Research On Fault-Tolerant About Routing Algorithms And TSV In Vertically Partially Connected 3D NoC

Compared to the previous 2D NoC,3D NoC can shorten the network interconnect length, increase the system parallelism, reduce the power consumption and improve the system performance. However, due to the inter-layer interconnect TSV’s lower yield and other components failure or design factors will bring the 3D NoC into non-fully interconnected, and result in reliability issues.
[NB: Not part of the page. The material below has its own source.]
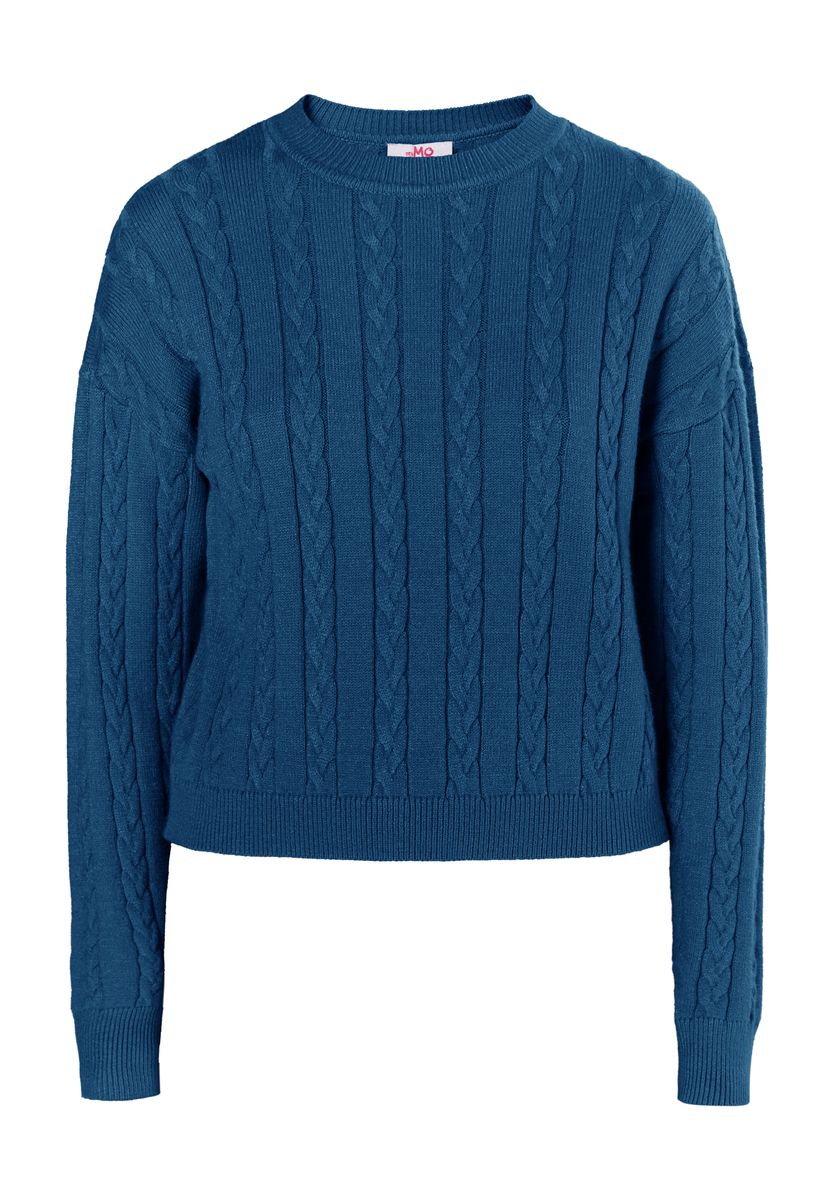 Klassischer Zopfstrick-Pullover mit Rundhalsausschnitt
Therefore, this thesis will research on fault-tolerant about routing algorithms and TSV in vertically partially connected 3D NoC. The main work is as follows:(1)Contrary to problems about the TSV being difficult to find and interlayer IP cores being isolated in vertically partially connected 3D NoC, a distributed routing algorithm is proposed in Chapter Ⅲ. Through adding TSV UP/Down table in each router, the interlayer communication packet can find the best TSV address before it injects into the network, which not only ensures the interlayer IP’s effective communication but also makes the packet transfer on the shortest path. If a packet reaches to the destination layer, it uses our planar fault tolerant routing algorithm to find the target; otherwise it finds a best TSV address in the TSV UP/Down table and then continues to transmit. The results demonstrate that, the performance of this algorithm in the fault rate reaching to 25% under uniform traffic distribution is near to the one of XYZ algorithm in fault free network. This algorithm’s delay and throughput are better than the reference algorithms’ in fault free 3D NoC.(2)Contrary to problems about non-fully interconnected system’s reliability and traditional fault-tolerant algorithms’s wasting resources, a TSV fault classification fault tolerant method is proposed in chapter Ⅳ. The TSVs and data bits are divided into four groups, if TSV fault state value less than or equal 6, then use the remaining available TSV to realize serial data transmission between groups and within groups, otherwise use localized fault-tolerant algorithm in Chapter IV to find the optimal TSV address in local TSV status table, then add it to the packet header as a temporary destination address to complete the inter-layer communication. The results demonstrate that, under different fault conditions this method’s network performance is better than the reference object, and reduce the network performance degradation.